Make an exact copy, from the records below, of the lines from the line containing "Voxugoniy Toilet Basket" to the line containing "Mardi Gras Logo Heart Hoodie thumb 4", both lines included, excluding pictures.

(Input data Opens)

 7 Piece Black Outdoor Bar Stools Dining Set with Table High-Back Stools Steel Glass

(Input data Closes)
(Input data Opens)

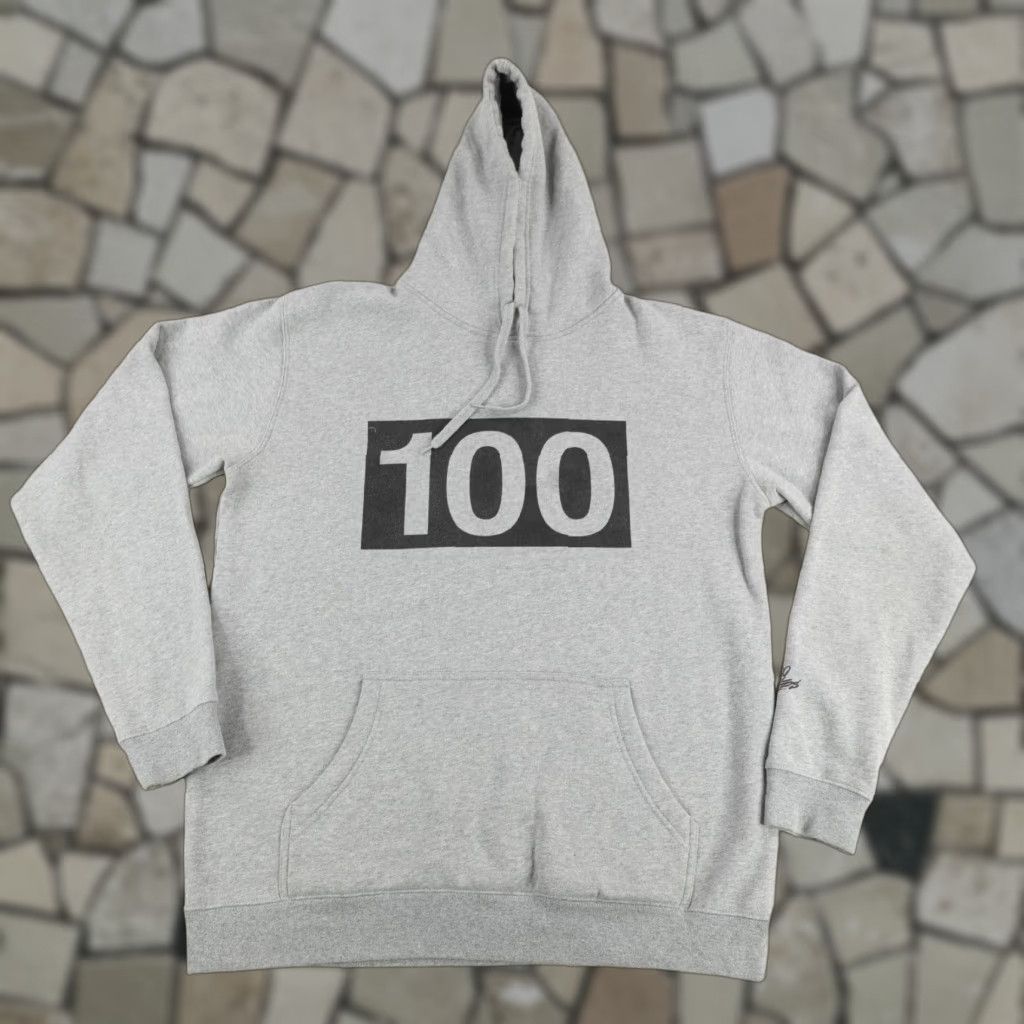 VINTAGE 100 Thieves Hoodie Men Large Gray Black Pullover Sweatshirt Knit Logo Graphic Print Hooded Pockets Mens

(Input data Closes)
(Input data Opens)

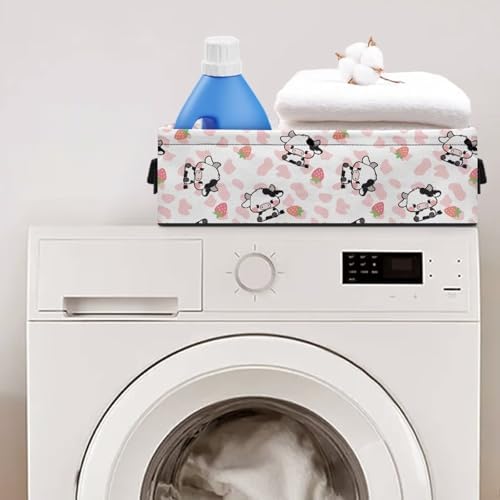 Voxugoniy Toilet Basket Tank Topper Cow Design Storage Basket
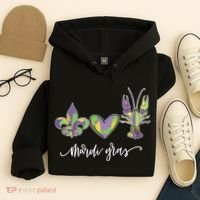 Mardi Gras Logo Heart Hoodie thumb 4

(Input data Closes)

## Exercise result:
 Voxugoniy Toilet Basket Tank Topper Cow Design Storage Basket
 Mardi Gras Logo Heart Hoodie thumb 4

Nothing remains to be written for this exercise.